As I mentioned, we're running CloudWatch off of stdout logs, so if GoodJob goes the prometheus route I'd have to wire up something to get from that endpoint into CloudWatch.

The easiest 'v0' starting point may be to wire up the existing metrics to a prometheus compatable http endpoint in the frontend piece. Maybe these should actually be available from GoodJob without the "GUI"?

Apr 04 '23 12:04 ckdake

The easiest 'v0' starting point may be to wire up the existing metrics to a prometheus compatable http endpoint in the frontend piece. Maybe these should actually be available from GoodJob without the "GUI"?

I'd prefer instead to build the minimum-satisficeable solution that solves your needs. People who need Prometheus can ask for it and be involved in that design.
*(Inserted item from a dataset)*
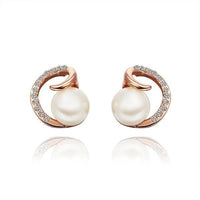 Rose Gold Platinum Plated Earrings Stud Pearl AAA Zirconia Push Back .64" L295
I'm imagining that the data that you would need for cloudwatch would be the same metrics for a Prometheus endpoint, so I think the steps here would be:

Identify the metrics
Figure out the implementation for metrics.

If they require storage or are heavy to fetch (e.g. making database calls), I might ask whether there is an alternative.
I'm imagining they would need to be process-local, and the metrics system would need to sum/aggregate them to generate the cluster view.
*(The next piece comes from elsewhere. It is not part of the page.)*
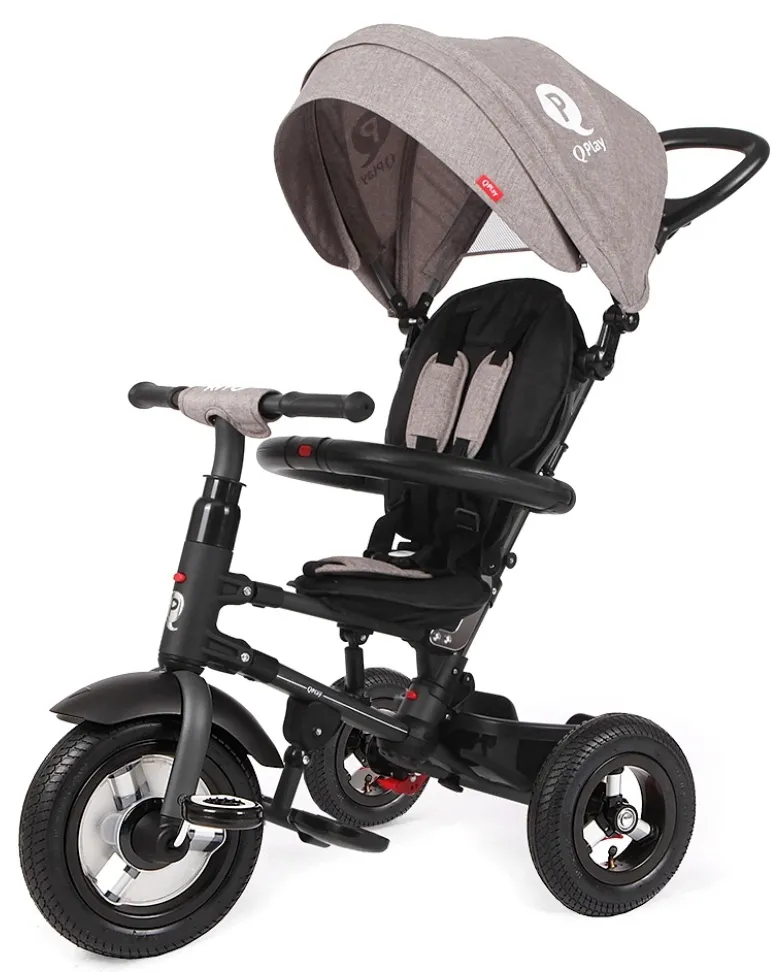 Triciclu copii Qplay Rito Rubber Grey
Then identify how to do the transport (e.g. logging, emitting, fetching)

Apr 12 '23 14:04 bensheldon

Yep, that all sounds perfectly reasonable. The metrics I'm interested in are essentially/currently the cluster-wide metrics that rabbitmq exposes here: https://www.rabbitmq.com/monitoring.html#cluster-wide-metrics We're using a single queue, but once we add more queues the "Individual Queue Metrics" will be interesting.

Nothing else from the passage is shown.